From 2134bb1e83dca82e679b2b8269182de0f975e945 Mon Sep 17 00:00:00 2001
From: Carlo Lucibello <carlo.lucibello@gmail.com>
Date: Tue, 22 Oct 2024 07:50:05 +0200
Subject: [PATCH] news

---
 NEWS.md                             | 8 ++++++++
 docs/src/guide/models/recurrence.md | 6 ++----
 docs/src/reference/models/layers.md | 2 --
 src/layers/show.jl                  | 2 +-
 4 files changed, 11 insertions(+), 7 deletions(-)

diff --git a/NEWS.md b/NEWS.md
index 654ae70c07..28b5856a24 100644
--- a/NEWS.md
+++ b/NEWS.md
@@ -2,6 +2,14 @@
 
 See also [github's page](https://github.com/FluxML/Flux.jl/releases) for a complete list of PRs merged before each release.
 
+## v0.15.0 
+* Recurrent layers have undergone a complete redesign in [PR 2500](https://github.com/FluxML/Flux.jl/pull/2500).

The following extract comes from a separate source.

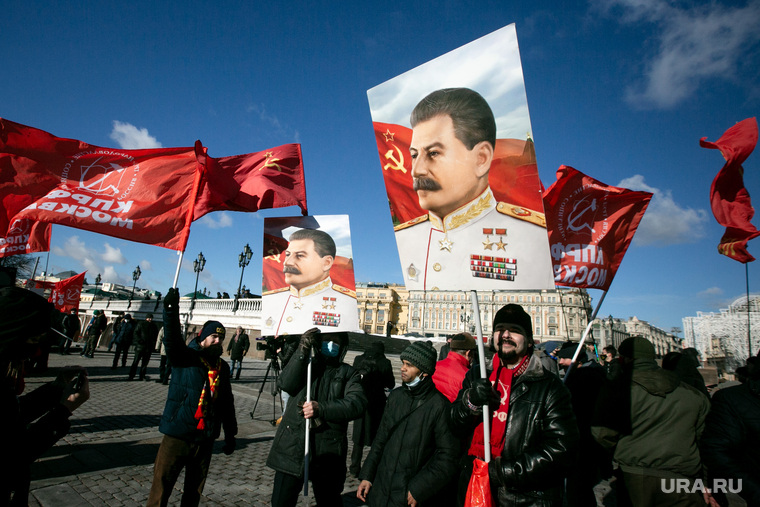 Коммунисты на Манежной площади, перед возложением цветов к могиле Сталина в годовщину его смерти. Москва, сталин, кпрф, митинг, коммунистическая партия, коммунисты, красные флаги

+* `RNN`, `LSTM`, and `GRU` no longer store the hidden state internally. Instead, they now take the previous state as input and return the updated state as output.
+* These layers (`RNN`, `LSTM`, `GRU`) now process entire sequences at once, rather than one element at a time.

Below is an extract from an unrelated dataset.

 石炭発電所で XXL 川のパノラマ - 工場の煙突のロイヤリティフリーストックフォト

+* The `Recur` wrapper has been deprecated and removed.
+* The `reset!` function has also been removed; state management is now entirely up to the user.

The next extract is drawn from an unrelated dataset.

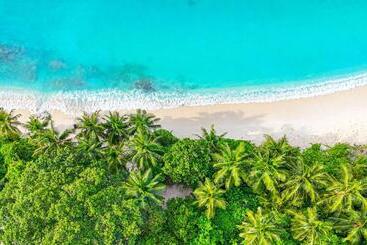 پانسیون Blue Water Thoddoo Inn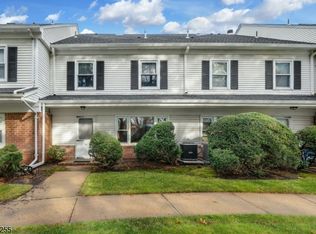 32 Wareham Vlg, Scotch Plains, NJ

+* `RNNCell`, `LSTMCell`, and `GRUCell` are now exported and provide functionality for single time-step processing.
+
 ## v0.14.22
 * Data movement between devices is now provided by [MLDataDevices.jl](https://github.com/LuxDL/MLDataDevices.jl).
 
diff --git a/docs/src/guide/models/recurrence.md b/docs/src/guide/models/recurrence.md
index 7827062f22..7acaec8edb 100644
--- a/docs/src/guide/models/recurrence.md
+++ b/docs/src/guide/models/recurrence.md
@@ -169,14 +169,13 @@ X = [seq_1, seq_2]
 Y = [y1, y2]
 data = zip(X,Y)
 
-Flux.reset!(m)
 [m(x) for x in seq_init]
 
 opt = Flux.setup(Adam(1e-3), m)
 Flux.train!(loss, m, data, opt)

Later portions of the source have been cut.